Still, Greenwich Village was not a place to the topple virtue, so much as to expand one’s vision. It was here where we began to see things like we’ve never seen before — not only as objects but a way of looking at them not only as shapes but a way of feeling them. My ears had been opened to sound since birth and the structure of music had enter my being. My mother was a mezzo soprano who fed me Puccini’s “Tosca” for breakfast, Verdi’s “La Traviata” for dinner.
In Greenwich Village, I first heard people speak of breasts, thighs, buttocks and bellies as one would speak of mountains, rivers, bread and fruit. It was there when I first discovered the bareness of a painter’s studio, of white purity, lit evenly on coldly by skylights. It was possible to look at a naked body impersonally; as form, texture and substance.
It was also the place where I first heard sex discussed with joy and amusement, as an open delight and not a secret urge. All these revelation sounded unimaginably naïve to a generation drilled in a four letter word. I can only say that our parents were not only inhibited and fastidious, but found much ugly, what is now routine for us.
The calm of Central Park
Central Park is many things. It is the calm eye in the center of the hurricane, the vision of a man who knew what people needs. It is the measure of the seasons in a city which tries to insulate itself from them. “It is the refuge of wild things escaping stone, a zone of danger, the only sleeping city,” said William Cullen Bryant.

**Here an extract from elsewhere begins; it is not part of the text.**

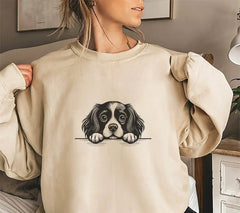 Cavalier King Charles Spaniel Peeking Over Table SVG - Drawing SVG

But when is Central Park most beautiful? I’d say in heavy snow, I think; or the pale green fuzzing of early spring. When the snow has stopped falling, still blindingly white and the lake is frozen, when the rough ice is dotted with skating and slipping black figures, while the branches are black. All the dogs, leaping and racing black silhouettes, are delirious in the snow. In the certain lushness of a full summer, the heavy denseness of green leaves unstirred by wind, the whole park breathes like a tired beast in the intolerable heat of July. But summer stirs the beast, too, for this is the time of danger when human animals hide in the cover of leaves and darkness. As you hear night cries which might be horseplay, but could also be a scream for fear!

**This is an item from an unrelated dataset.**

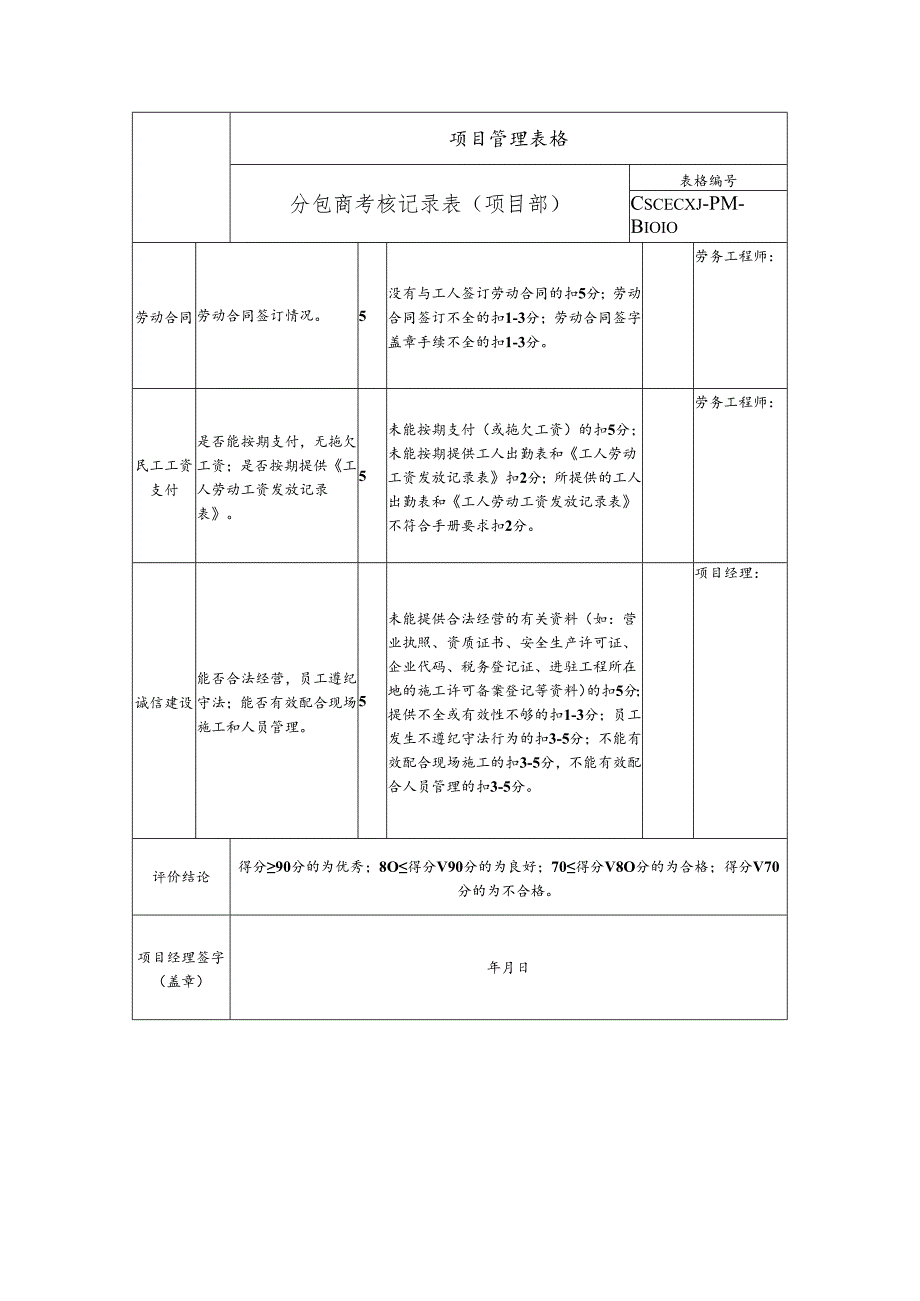 分包商考核记录表（项目部）.docx_第3页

Central Park was created from a tract of featureless land spotted with shanties that had the backing of then Mayor Ambrose Kingsland. It is a triumph over the “practical” rapacity of realtors who wept at the waste of building sites. It became the first park in the United State, and a model for the most that followed.
Today, these very same men would weep at the park that they made. Everywhere they would see the liter of plastic and bottle tops in the bottom of every grove, paper cups and cans at the fringes. The once clean lake also has its fair share of trash, and newspapers left lying on the grass get sodden and stick among the twigs. The fault lies with the people for whom the park was made.